§ **Task details**: The listing that follows is to be repeated exactly.

§ **Dataset**:
#####

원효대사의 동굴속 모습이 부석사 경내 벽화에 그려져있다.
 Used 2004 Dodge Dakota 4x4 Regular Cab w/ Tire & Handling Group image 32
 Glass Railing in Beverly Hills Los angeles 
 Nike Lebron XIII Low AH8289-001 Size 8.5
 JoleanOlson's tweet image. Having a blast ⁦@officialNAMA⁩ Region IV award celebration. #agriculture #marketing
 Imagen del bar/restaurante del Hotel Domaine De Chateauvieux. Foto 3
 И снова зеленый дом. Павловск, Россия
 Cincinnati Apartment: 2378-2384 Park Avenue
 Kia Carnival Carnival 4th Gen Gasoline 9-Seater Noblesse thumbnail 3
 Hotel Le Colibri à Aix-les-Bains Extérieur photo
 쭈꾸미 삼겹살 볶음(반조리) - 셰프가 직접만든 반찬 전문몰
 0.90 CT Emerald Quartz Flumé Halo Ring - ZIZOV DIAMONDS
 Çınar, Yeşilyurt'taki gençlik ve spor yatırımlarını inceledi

#####

§ **Solved exercise**:
원효대사의 동굴속 모습이 부석사 경내 벽화에 그려져있다.
 Used 2004 Dodge Dakota 4x4 Regular Cab w/ Tire & Handling Group image 32
 Glass Railing in Beverly Hills Los angeles 
 Nike Lebron XIII Low AH8289-001 Size 8.5
 JoleanOlson's tweet image. Having a blast ⁦@officialNAMA⁩ Region IV award celebration. #agriculture #marketing
 Imagen del bar/restaurante del Hotel Domaine De Chateauvieux. Foto 3
 И снова зеленый дом. Павловск, Россия
 Cincinnati Apartment: 2378-2384 Park Avenue
 Kia Carnival Carnival 4th Gen Gasoline 9-Seater Noblesse thumbnail 3
 Hotel Le Colibri à Aix-les-Bains Extérieur photo
 쭈꾸미 삼겹살 볶음(반조리) - 셰프가 직접만든 반찬 전문몰
 0.90 CT Emerald Quartz Flumé Halo Ring - ZIZOV DIAMONDS
 Çınar, Yeşilyurt'taki gençlik ve spor yatırımlarını inceledi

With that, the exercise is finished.